Hat sich die Art des bedürfnisorientierten Umgangs in eurer Familie dadurch verändert/ verändern müssen?

An unserem Familien-Grundsatz, dass wir eine gesunde Balance der Bedürfnisse anstreben, hat sich durch die Geburt unseres Babys nichts geändert. Auch als Eltern von drei Kindern bemühen mein Mann und ich uns jeden Tag darum, die Bedürfnisse aller im Blick zu behalten und nach Wegen zu suchen, sie unter einen Hut zu bekommen. Konkret bedeutet das beispielsweise, dass wir momentan fast jeden Abend beide fast zwei Stunden mit Waschen, Zähneputzen, Vorlesen, Singen und Kuscheln beschäftigt sind, bis alle drei Kinder schlafen – denn seit der Geburt ihres Geschwisterchens ist auch für unsere älteren Mädchen Einschlafbegleitung gerade wieder ein großes Bedürfnis, und dem versuchen wir zu entsprechen. Gleichzeitig ist es natürlich so, dass die Bedürfnisse unseres Babys manchmal auch unseren älteren Kindern gewisse Zumutungen abverlangen, die es so vorher nicht gab: ob wir am Wochenende zusammen ins Schwimmbad gehen oder Weihnachtssterne basteln können, hängt immer auch davon ab wie es dem kleinen Bruder gerade geht.
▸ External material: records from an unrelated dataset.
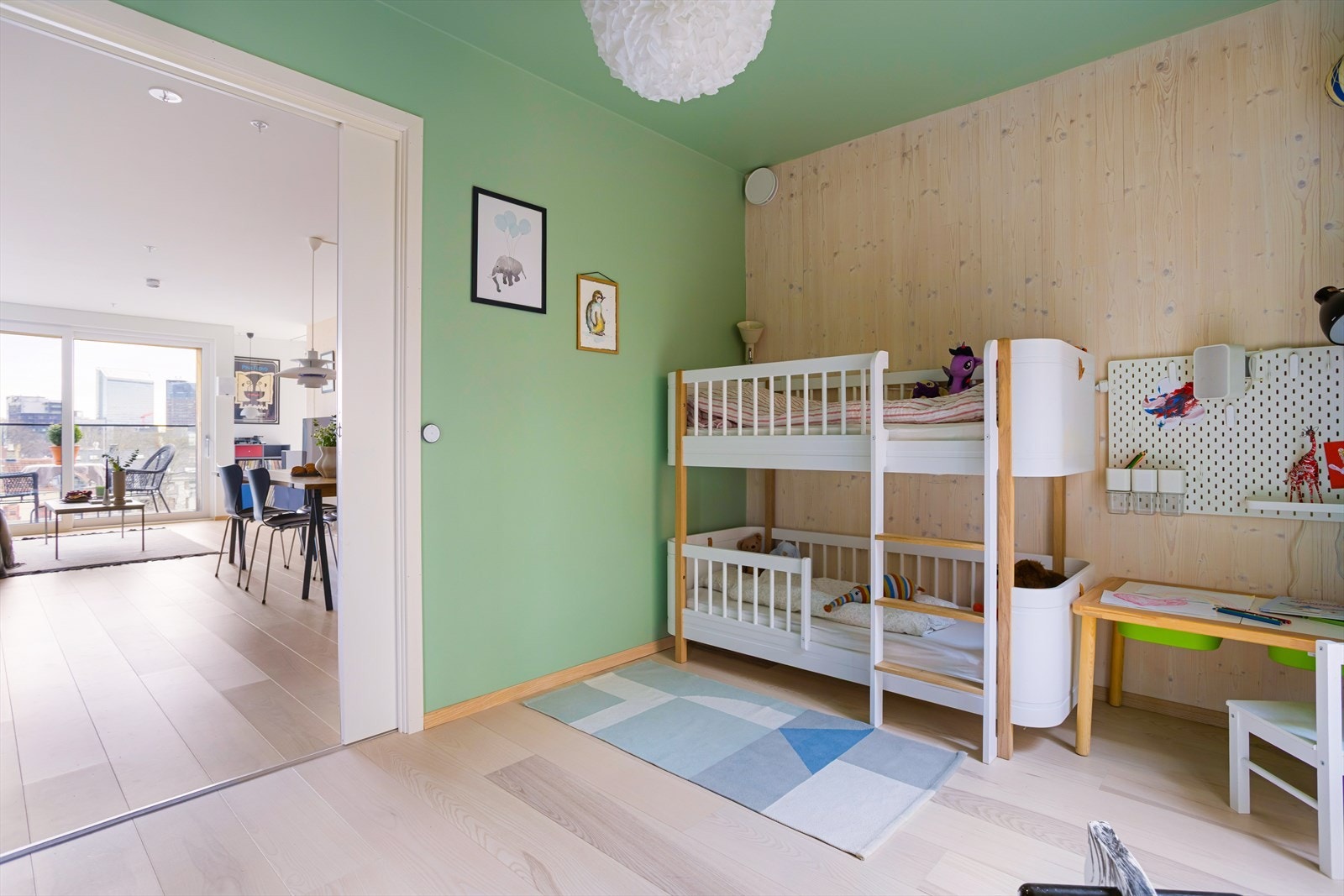 Velkommen inn i boligens andre soverom. Rommet kan også benyttes som hovedsoverom med god plass til dobbeltseng. Galleribilde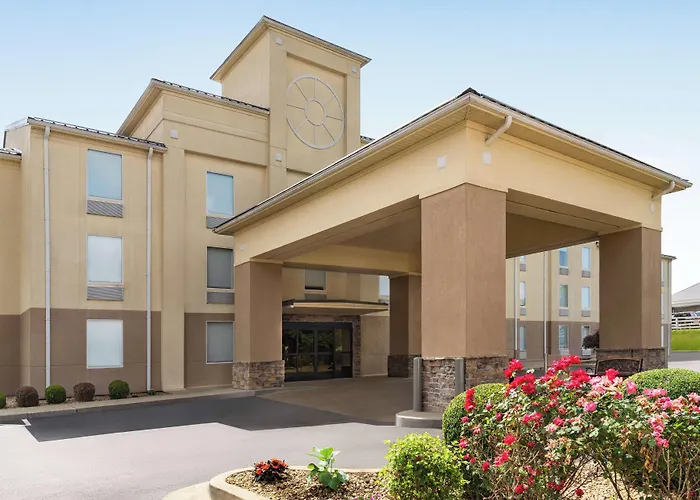 Baymont By Wyndham Georgetown Lexington North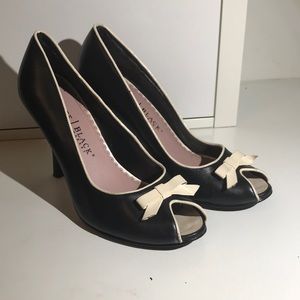 White House black market Black and white bow pumps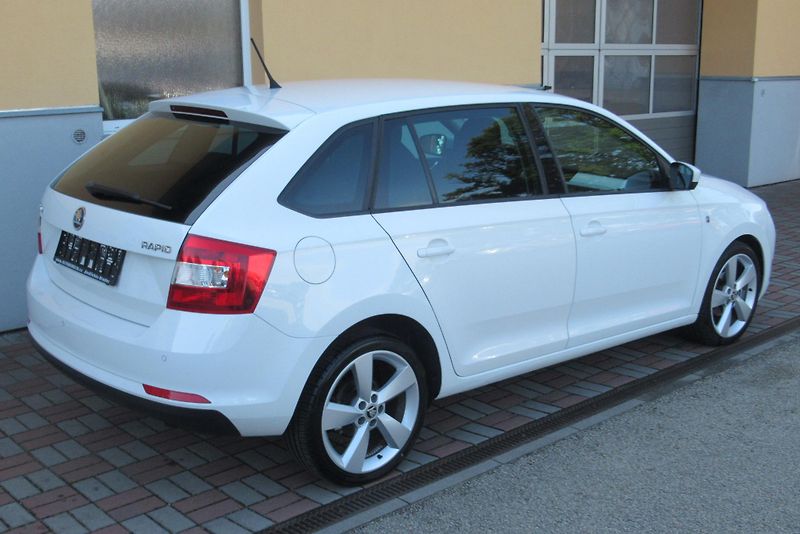 Škoda Rapid 1.2 TSi AUT. KLIMA TEMPOMAT - fotka 5 z 17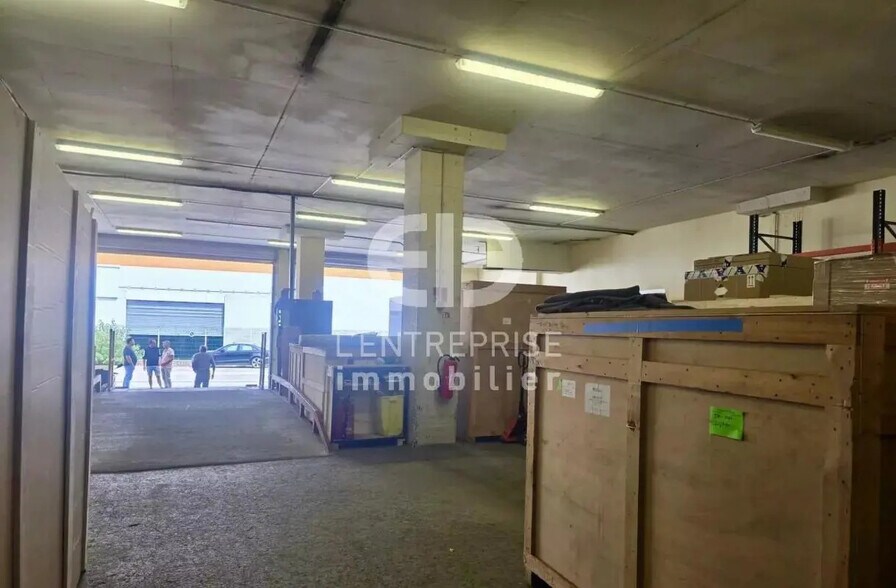 Industrial in Saint-Laurent-du-Var for lease - Building Photo - Image 3 of 9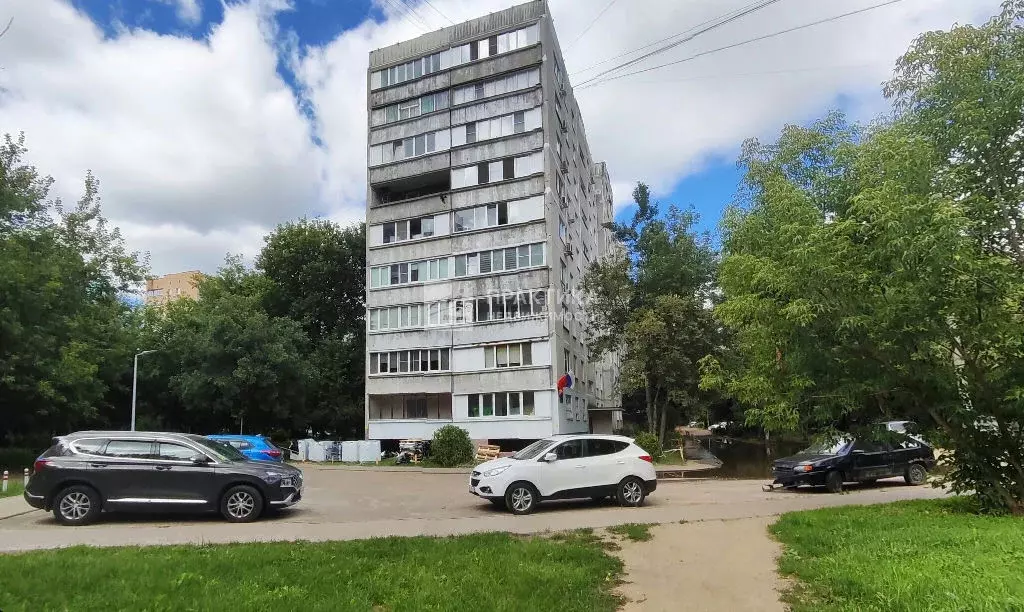 Продается 3-комнатная квартира - Фото 1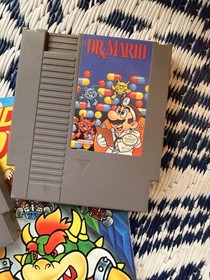Nintendo NES Game Lot Controllers Zapper Dr Mario 1943 Mario Duck Hunt 510L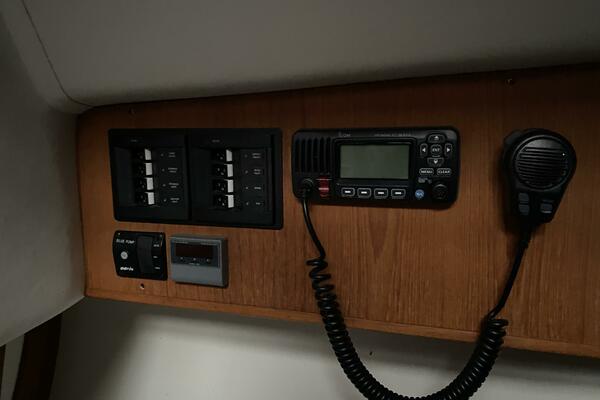 Still Crazy 28ft Alerion Yacht For Sale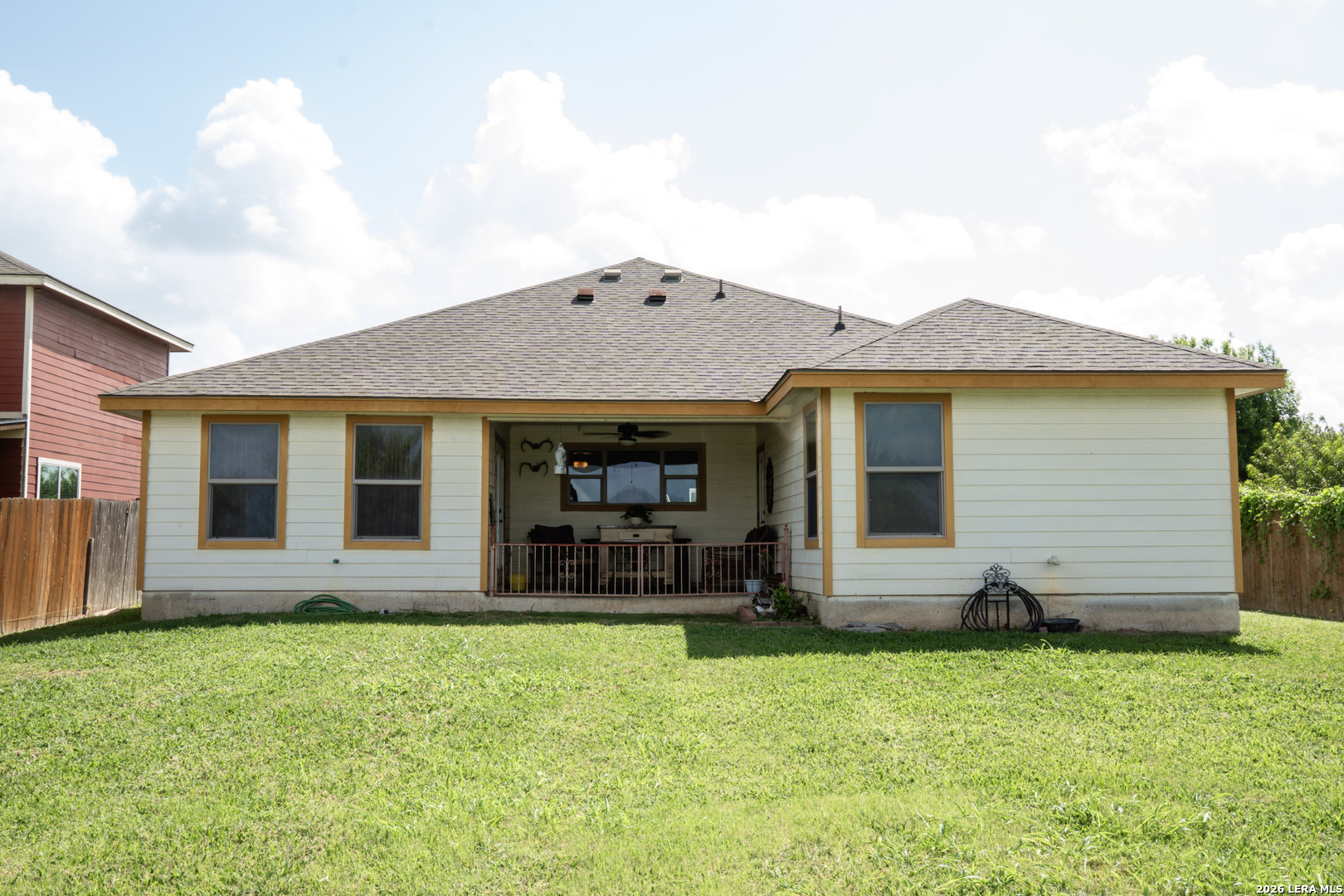 518 Indian Crossing Jourdanton TX 78026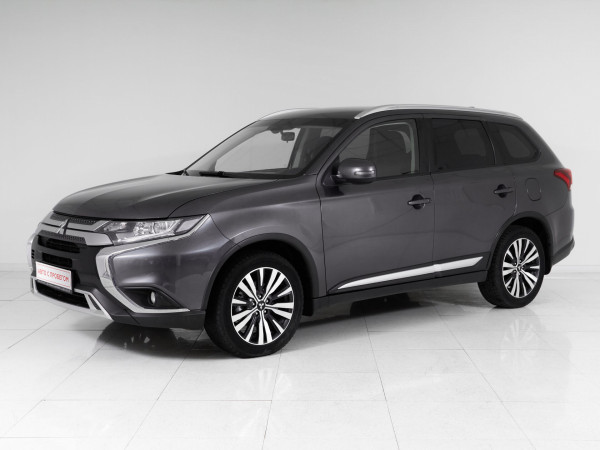 Mitsubishi Outlander, 2020 г.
Klar sorgt das auch mal für Frust, ich habe jedoch den Eindruck, dass unsere Kinder ganz gut verinnerlicht haben, dass Babys ihre Bedürfnisse weniger zurückstellen können als große Kinder oder Erwachsene. Deshalb sind sie meist sehr verständnisvoll, wenn ich ihnen erkläre, dass wir mit irgendetwas warten müssen bis der Kleine getrunken hat oder schläft: „Klar, der Jakob kann ja noch nicht warten – der ist ja noch ein Baby!“

Zwei kurze Blicke in die Vergangenheit, die dich bis heute prägen:

Was war dein erster Berührungspunkt mit Attachement Parenting?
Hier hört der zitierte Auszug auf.